Collected data:

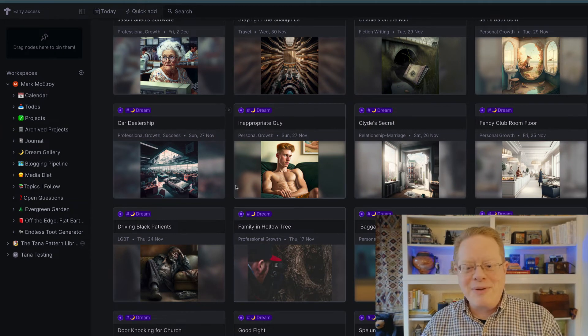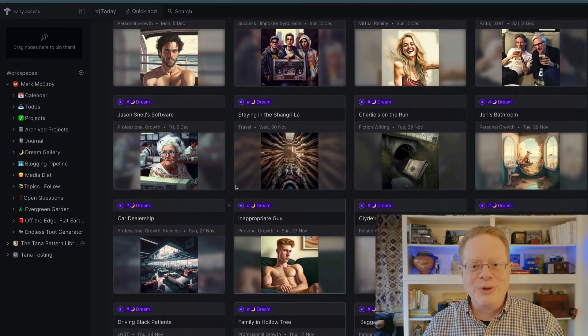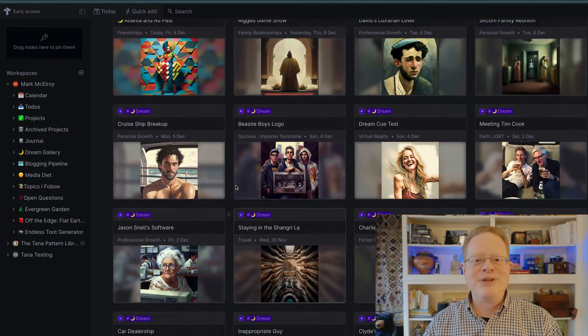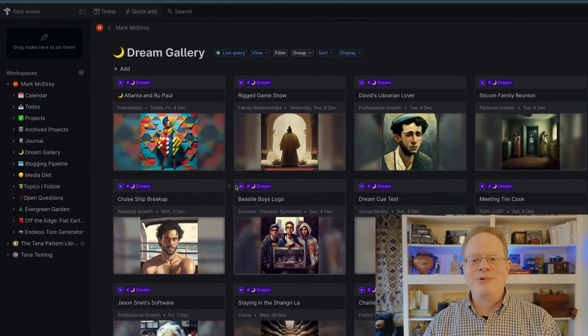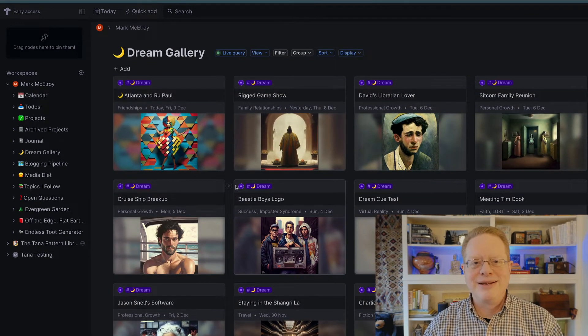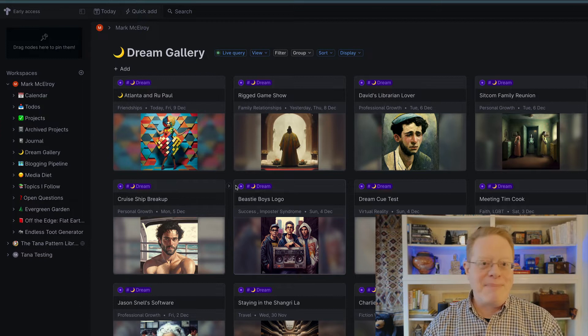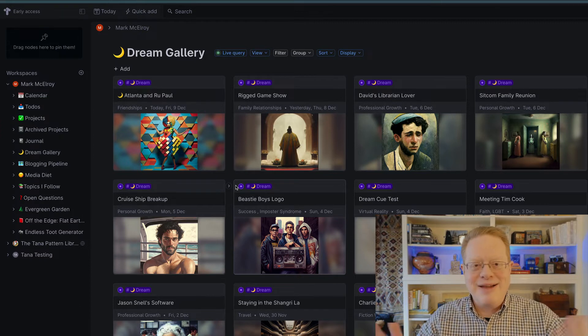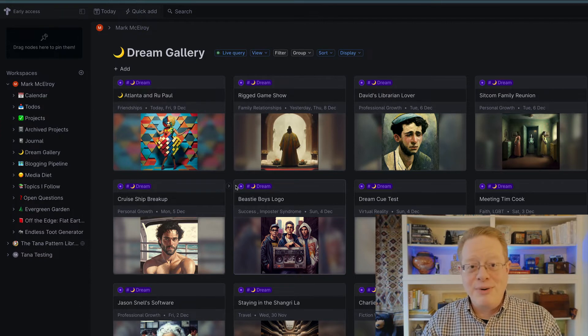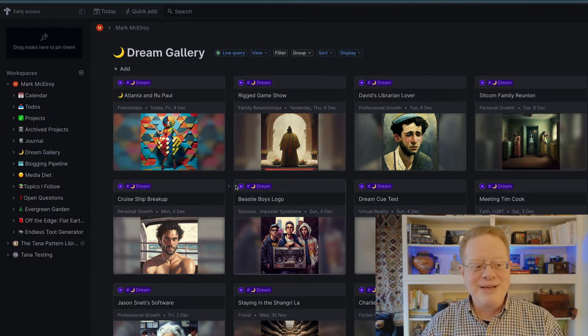So that's what goes into all of my entries that become part of the dream gallery. And I just love going back and scrolling through these images from dreams in the past, revisiting them, sorting them, looking at them to find patterns. And it's kind of a magic mirror for my subconscious.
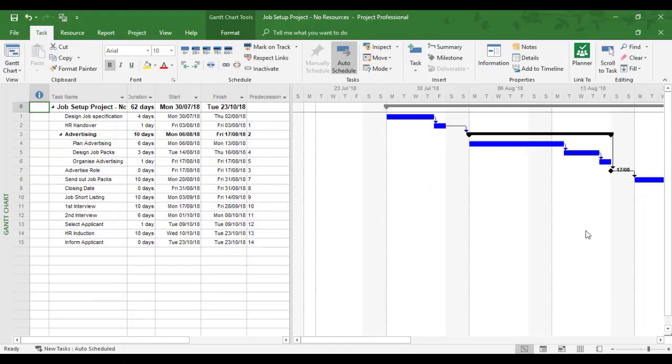In this training video, we're going to look at modifying the task, task links and task order.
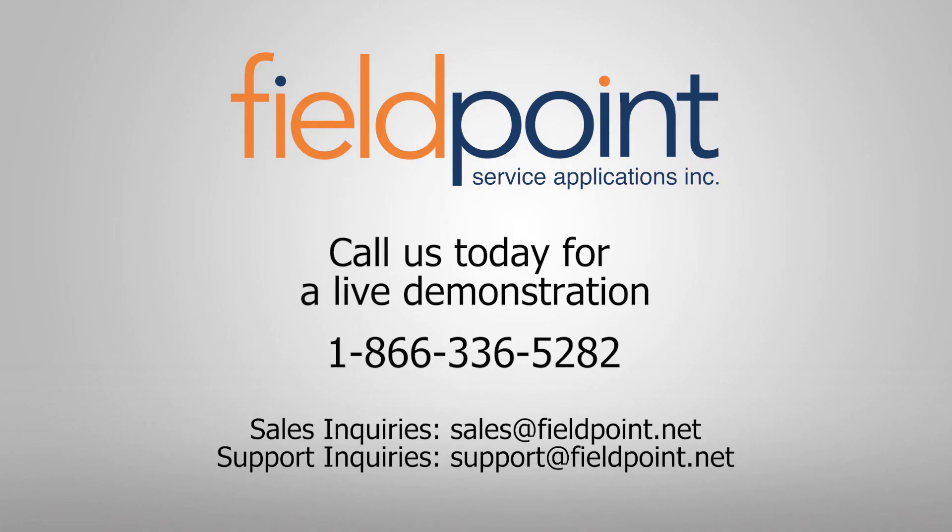Fieldpoint provides all the tools needed to effectively deliver an end-to-end field service solution for any service enterprise. Contact us today and see what our comprehensive software can do for your service organization.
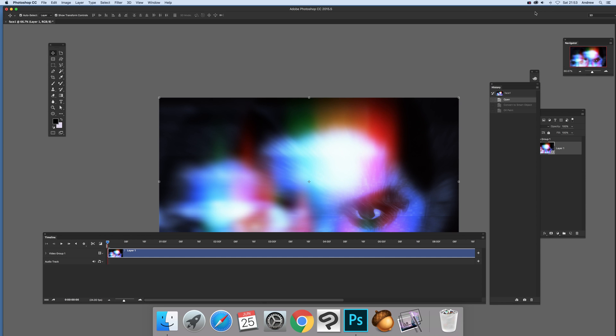Video tutorials by Andrew Buckle. In this tutorial I'm going to show you how you can modify a movie or MOV file, MP4 etc in Photoshop.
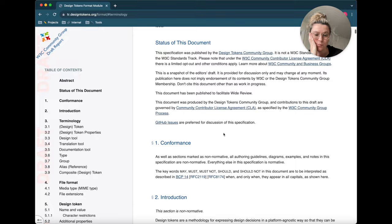So when you hear us token nerds talking about the spec or W3C or WC3 because we mix it up all the time, we're talking about this document. I'll drop the links to the most recent draft of the spec and their Twitter page in the description below in case you want to check that out.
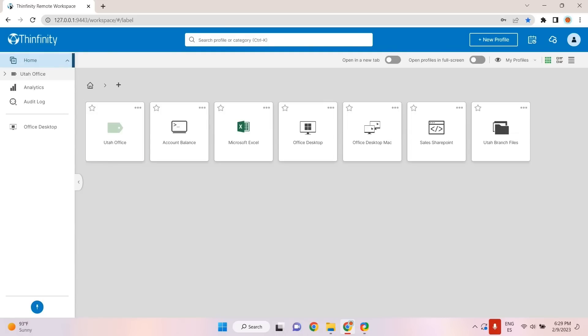End users can use the applications they require for their jobs, with no need for granting full access to the desktop or other apps.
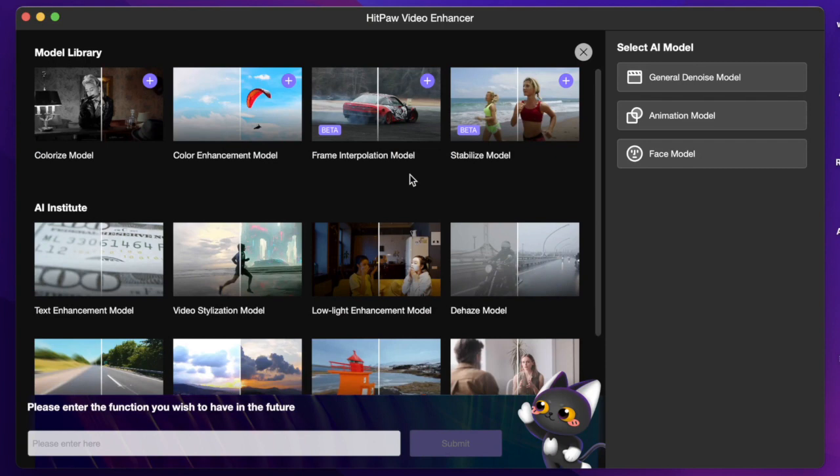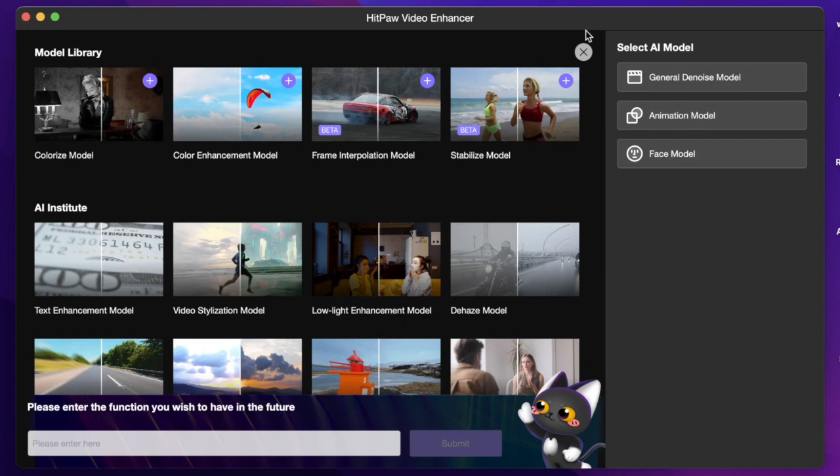Hit the plus button here and you can add the model on the right and use it. And here is the AI Institute which includes more kinds of models coming soon.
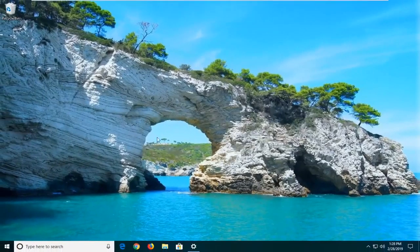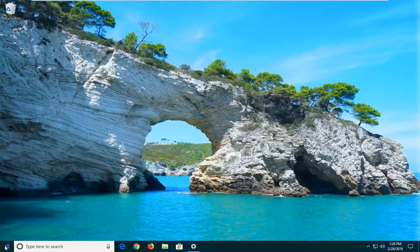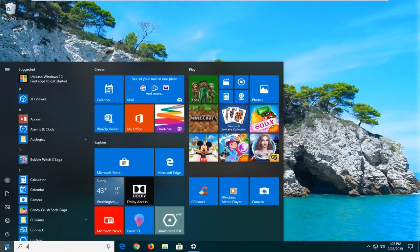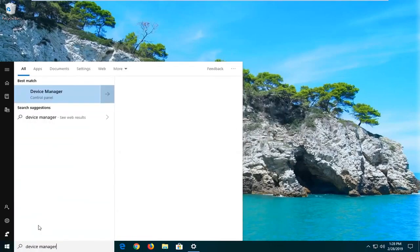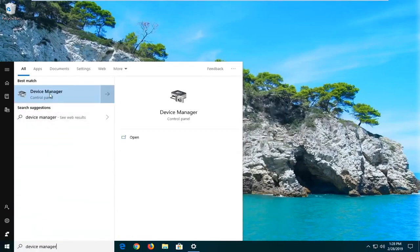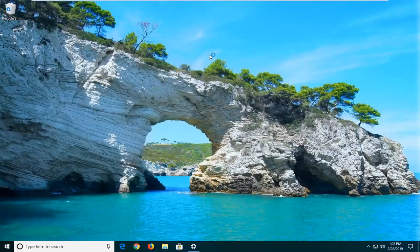I would also suggest opening up the start menu, type in device manager. Best match should come back with device manager here. Go ahead and left click on that.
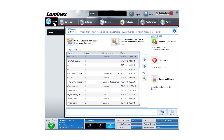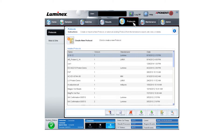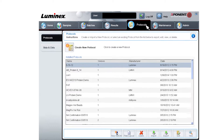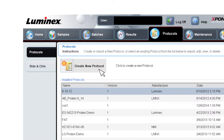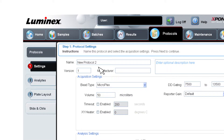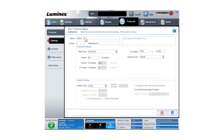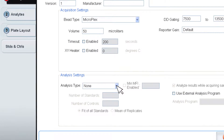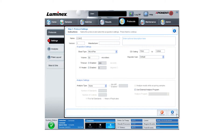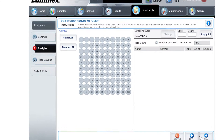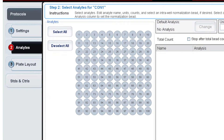The next step is creating a new protocol. Navigate to the protocol page in the Exponent software and click the Create New Protocol button. Enter a name for the protocol and keep all settings at the default. The analysis type should be None. Click Next and select the following regions on the Analytes page.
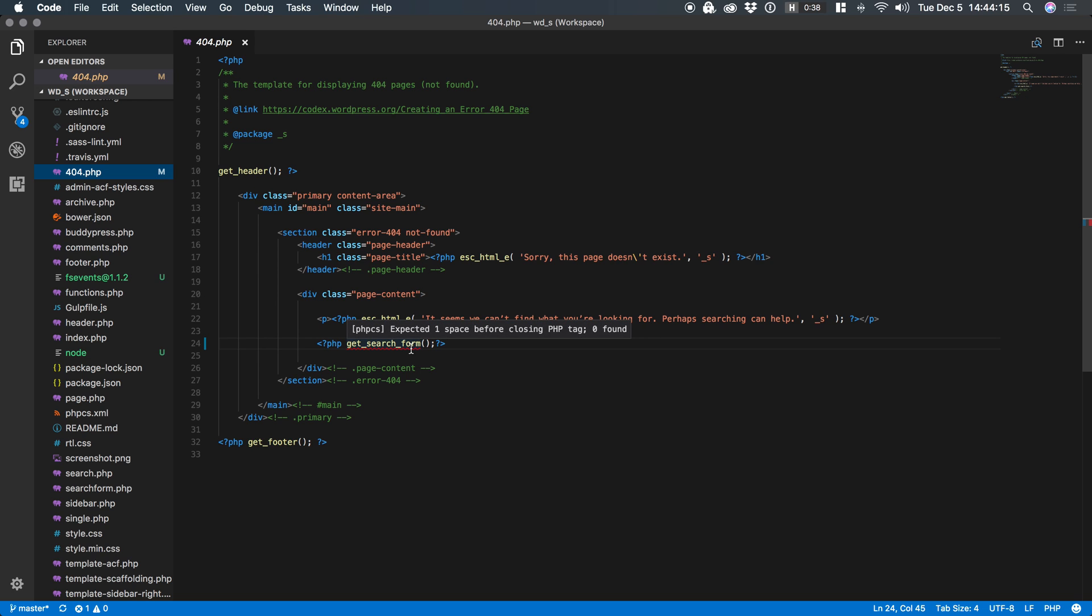So I have an error here expect one space before closing PHP tag. Okay I can insert a space I can save it and the squiggly line goes away. That's how easy it is to set up PHP CS for VS Code.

What to produce: Drop the pictures; return the lines above from the line containing "So when you" to the line containing "End users can", both included, exactly.

Task result:
So when you hear us token nerds talking about the spec or W3C or WC3 because we mix it up all the time, we're talking about this document. I'll drop the links to the most recent draft of the spec and their Twitter page in the description below in case you want to check that out.
End users can use the applications they require for their jobs, with no need for granting full access to the desktop or other apps.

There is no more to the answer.